**The task**:
Stop after the line with "De Soto 30″"; until then, please copy every line of the records word for word from the first.

**Provided material**:
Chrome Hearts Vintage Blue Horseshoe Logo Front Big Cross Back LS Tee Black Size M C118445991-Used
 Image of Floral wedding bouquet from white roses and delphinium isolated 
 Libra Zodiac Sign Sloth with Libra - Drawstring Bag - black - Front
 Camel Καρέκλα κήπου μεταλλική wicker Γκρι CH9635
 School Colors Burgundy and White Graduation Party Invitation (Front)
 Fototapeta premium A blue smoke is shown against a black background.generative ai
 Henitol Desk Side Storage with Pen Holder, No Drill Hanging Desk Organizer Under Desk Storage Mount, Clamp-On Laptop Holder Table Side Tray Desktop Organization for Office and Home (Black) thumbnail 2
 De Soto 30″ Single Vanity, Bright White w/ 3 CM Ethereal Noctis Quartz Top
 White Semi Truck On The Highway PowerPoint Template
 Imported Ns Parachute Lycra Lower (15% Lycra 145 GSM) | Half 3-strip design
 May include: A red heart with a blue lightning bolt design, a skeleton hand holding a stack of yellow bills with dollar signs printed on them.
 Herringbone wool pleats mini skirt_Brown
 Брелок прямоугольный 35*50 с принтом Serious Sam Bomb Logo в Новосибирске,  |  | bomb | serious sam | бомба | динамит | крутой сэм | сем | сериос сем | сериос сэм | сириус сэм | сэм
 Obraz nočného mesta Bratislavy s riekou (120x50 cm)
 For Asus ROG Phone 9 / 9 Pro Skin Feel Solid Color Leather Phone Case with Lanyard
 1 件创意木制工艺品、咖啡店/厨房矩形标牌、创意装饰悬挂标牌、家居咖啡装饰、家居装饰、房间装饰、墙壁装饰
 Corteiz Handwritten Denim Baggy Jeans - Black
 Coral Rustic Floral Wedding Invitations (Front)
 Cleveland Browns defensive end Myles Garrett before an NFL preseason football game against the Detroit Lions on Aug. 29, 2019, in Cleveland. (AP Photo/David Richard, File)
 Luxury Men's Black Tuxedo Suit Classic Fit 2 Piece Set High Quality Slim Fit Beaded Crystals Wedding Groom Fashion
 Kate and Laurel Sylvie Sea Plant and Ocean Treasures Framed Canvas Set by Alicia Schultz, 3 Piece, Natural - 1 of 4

**Worked solution**:
Chrome Hearts Vintage Blue Horseshoe Logo Front Big Cross Back LS Tee Black Size M C118445991-Used
 Image of Floral wedding bouquet from white roses and delphinium isolated 
 Libra Zodiac Sign Sloth with Libra - Drawstring Bag - black - Front
 Camel Καρέκλα κήπου μεταλλική wicker Γκρι CH9635
 School Colors Burgundy and White Graduation Party Invitation (Front)
 Fototapeta premium A blue smoke is shown against a black background.generative ai
 Henitol Desk Side Storage with Pen Holder, No Drill Hanging Desk Organizer Under Desk Storage Mount, Clamp-On Laptop Holder Table Side Tray Desktop Organization for Office and Home (Black) thumbnail 2
 De Soto 30″ Single Vanity, Bright White w/ 3 CM Ethereal Noctis Quartz Top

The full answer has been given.